* **TASK DIRECTIONS**:
With pictures left out, output exactly the lines from the line holding "26mm Rolex Datejust" through the end of the data, both included.

* **COLLECTED MATERIAL**:
⟨

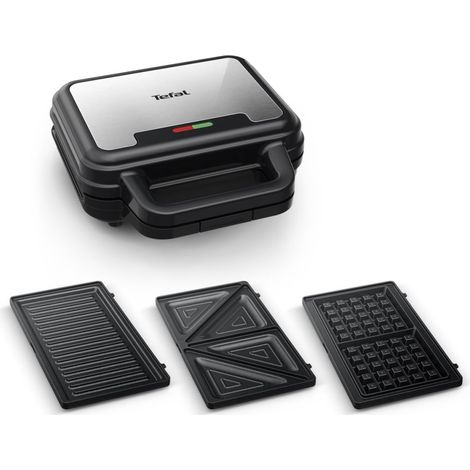 Tefal Ultra Compact SW383D10 - Appareil à sandwichs/gaufres panini en acier inoxydable - AquaForge
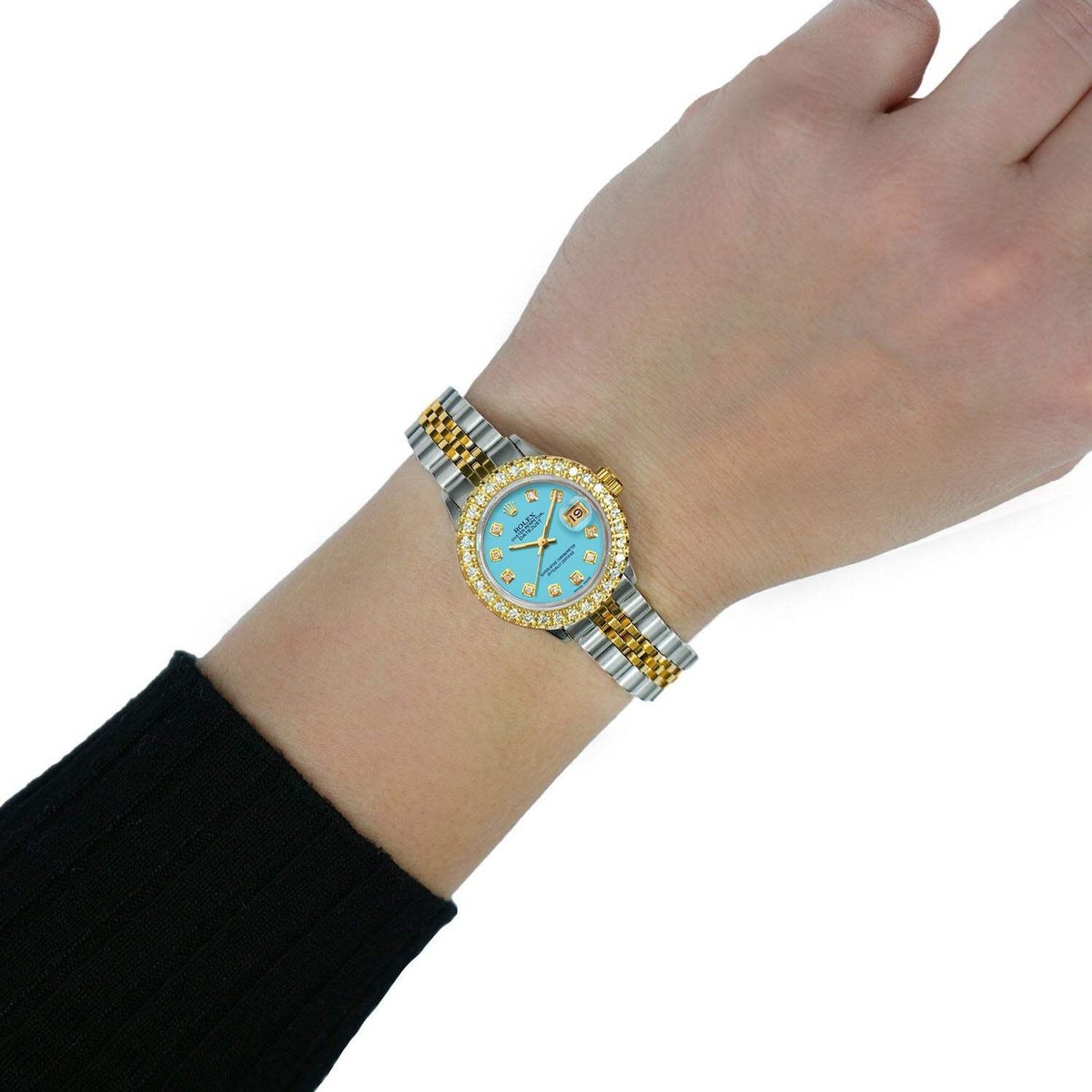 26mm Rolex Datejust 1617 Diamond Bezel Turquoise Dial Steel
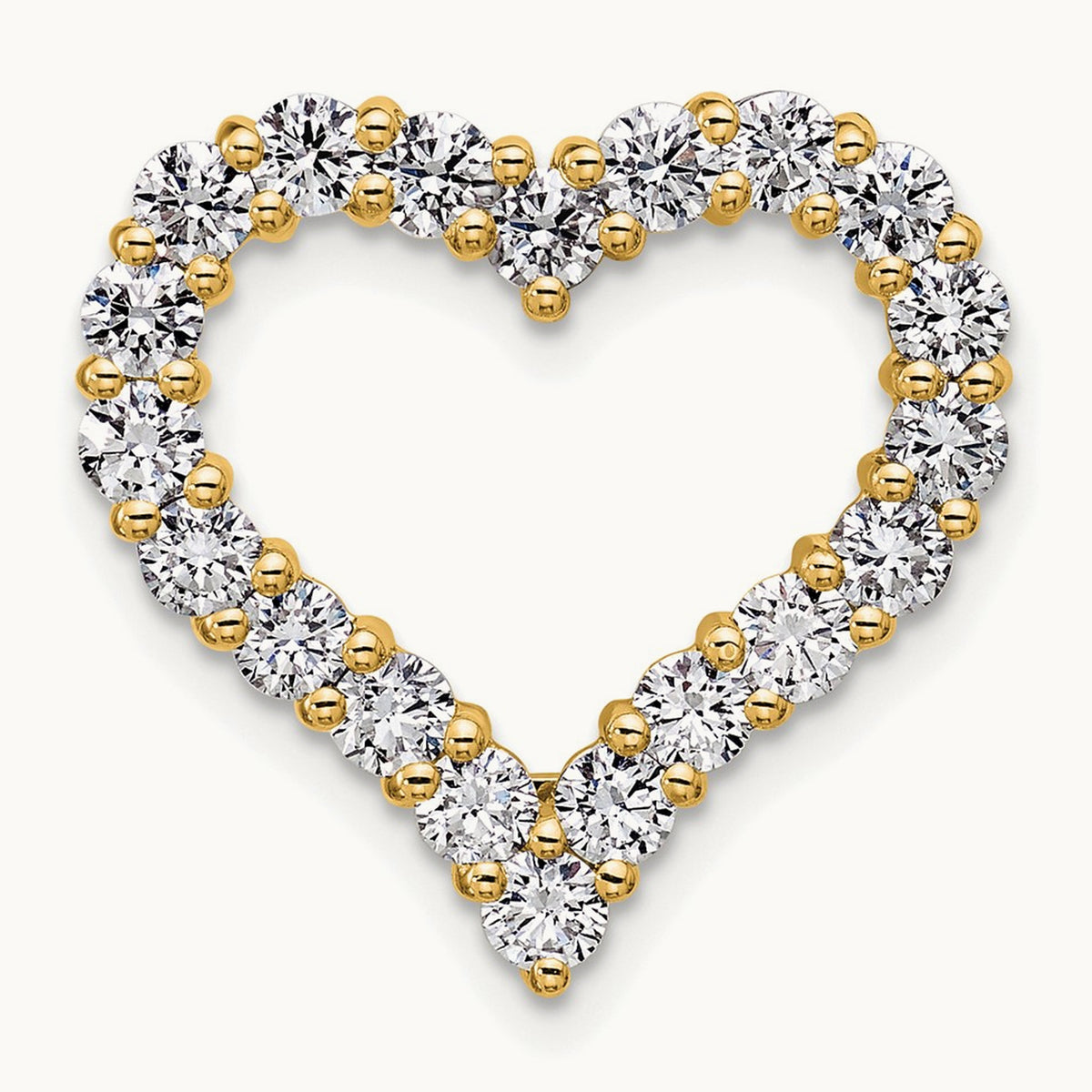 Heart Chain Slide, 1.50 ct tw Lab-Grown Diamond — 14K Yellow Gold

⟩

* **SOLUTION TO THE EXERCISE**:
 26mm Rolex Datejust 1617 Diamond Bezel Turquoise Dial Steel
 Heart Chain Slide, 1.50 ct tw Lab-Grown Diamond — 14K Yellow Gold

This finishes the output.